Inschriftenkatalog: Landkreis Luwigsburg

Katalogartikel in chronologischer Reihenfolge.

DI 25: Lkr. Ludwigsburg (1986)

Nr. 81 Vaihingen a. d. Enz, ev. Stadtkirche U. L. Frau 1457

Beschreibung

Wappenstein des Deutschmeisters Ulrich von Lentersheim. In der offenen Turmhalle an der Westwand als Spolie eingelassen.1 Wohl ehemals Scheitelstein eines Torbogens mit Hohlkehlenprofil; grauer Sandstein mit Farbresten, geschwärzt. Oben – leicht nach rechts verschoben – Inschriftleiste mit erhabener Schrift in eingetieftem Grund (A), darunter Wappenschild, der von zwei kleineren, schrägstehenden Wappen flankiert wird; über und unter den Wappen später nachgetragene Jahreszahlen (B). Bestoßen.

Maße: H. 43, B. 61, Bu. 9 cm.

Schriftart(en): Gotische Minuskel, erhaben.

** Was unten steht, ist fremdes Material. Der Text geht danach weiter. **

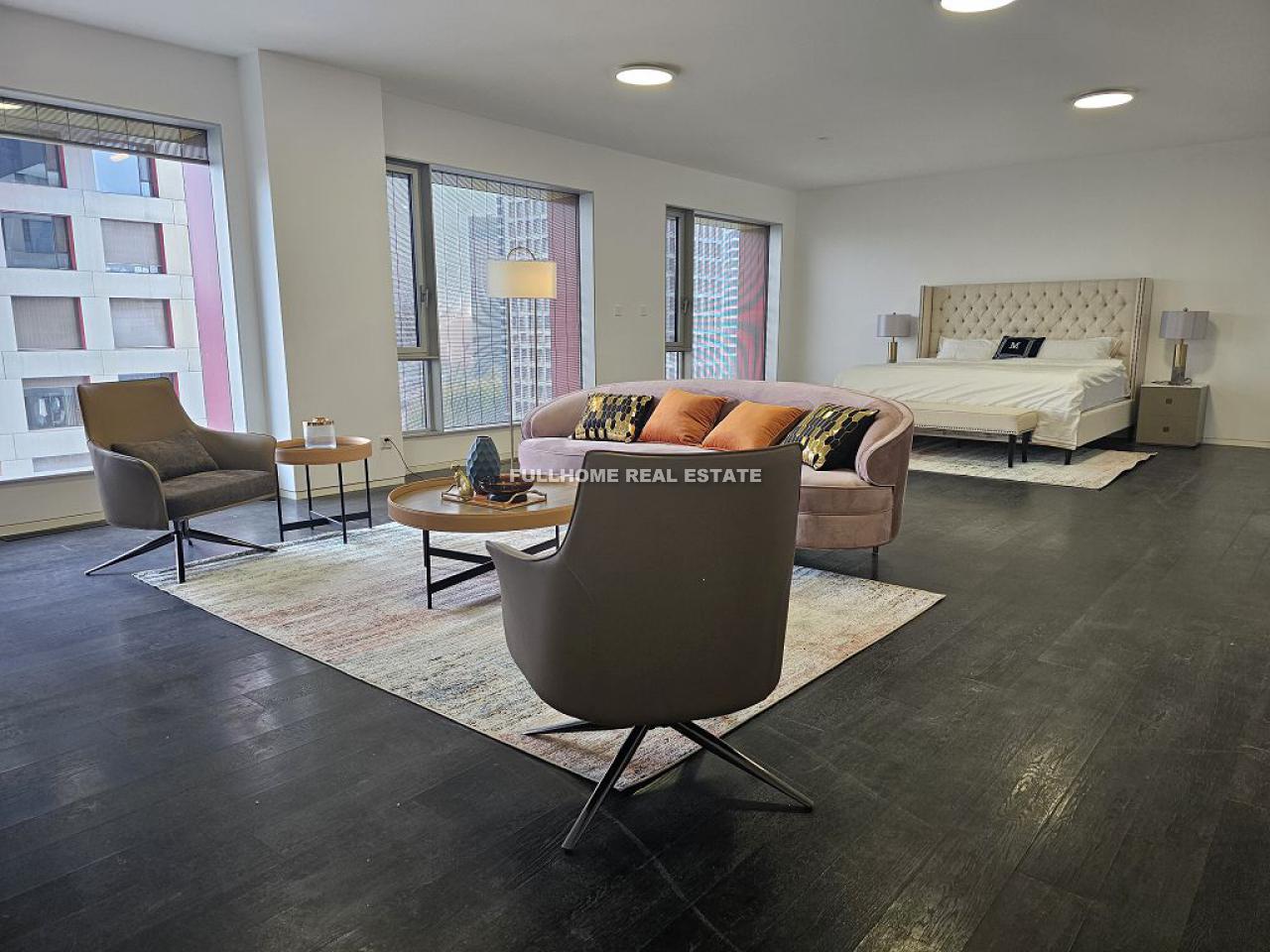 Similar property: MOMA, 3 bedrooms, 267 sqm in Beijing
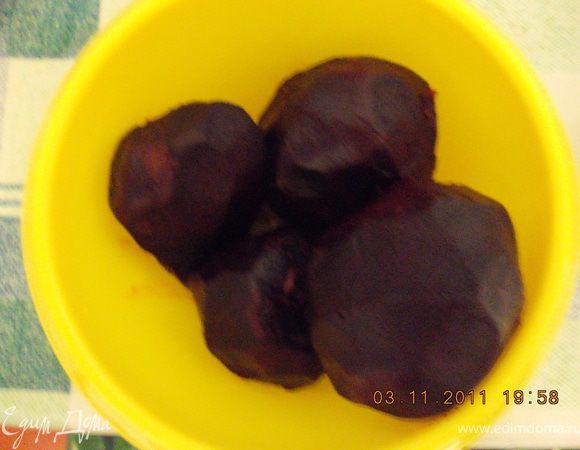 Отваренную свёклу перемолоть.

DI 25, Nr. 081 - Vaihingen a. d. Enz - 1457

 © Heidelberger Akademie der Wissenschaften [1/1]

  1. A

    m · cccc · lvii /

  2. B

    17 /// 25 / [1]6 1 8 /

Wappen:
DeutschordenLentersheim (geviert)
Deutschodenunkenntlich

Kommentar

Der Deutschritterorden kennzeichnete seine Gebäude bis in die Barockzeit hinein häufig mit Wappensteinen, die neben dem Schild des Ordens das Wappen des jeweiligen amtierenden Deutschmeisters zeigten.2 Das Hauptwappen bezieht sich hier auf Ulrich von Lentersheim (gest. 1481), Deutschmeister 1474–79.3 Das zerstörte Wappen könnte sich auf den zuständigen Landkomtur oder auf den Vaihinger Deutschordenspfleger beziehen. Vaihingen war durch den Kauf des Besitztums der Grafen von Vaihingen einschließlich des Kirchensatzes durch den Deutschorden im Jahre 1348 zu einem Zentrum des Ordens geworden.4

Die Ausführung in erhaben gearbeiteten Buchstaben mit Paragraphenpunkten als Trennzeichen ist typisch für eine in Vaihingen tätige Werkstatt.5

Anmerkungen

  1. Klemm sah den Stein vor 1872 noch „bei der kleinen Tür an der Ostseite“ am Boden liegen; er stammt wohl vom Gebäudekomplex des Deutschordens östlich von der Kirche.
  2. Zur Heraldik des Ordens vgl. O. Neubecker, in: RDK 3 (1954) Sp. 1312ff., bes. 1321ff.
  3. Vgl. DI. VIII (Mosbach, Buchen, Miltenberg) nr. 620; DI. XX (Karlsruhe) nr. 79.
  4. Zur Besitzgeschichte des Ordens in Südwestdeutschland vgl. zuletzt A. Seiler, in: LudwigsburgerGbll 32 (1980) 23–42, zu Vaihingen besonders S. 29. – Zu der Erwerbung 1348 vgl. Württ Reg. nrr. 14202, 14203, 14204; seitdem am Ort ein Deutschordenspfleger – vgl. nrr. 454 (1595), 462 (1596), 565 (1614).
  5. Vgl. nrr. 53, 58, 87 u. ö.

Nachweise

  1. Klemm, Erinnerungen 1872, Nr. 1, S. 2.
  2. Ders., in: Bes. lit. Beilage z. Staatsanzeiger für Württ. 1875, 59.
  3. Feil 228, 238.

Zitierhinweis:
DI 25, Lkr. Ludwigsburg, Nr. 81 (Anneliese Seeliger-Zeiss und Hans Ulrich Schäfer), in: www.inschriften.net, urn:nbn:de:0238-di025h009k0008105.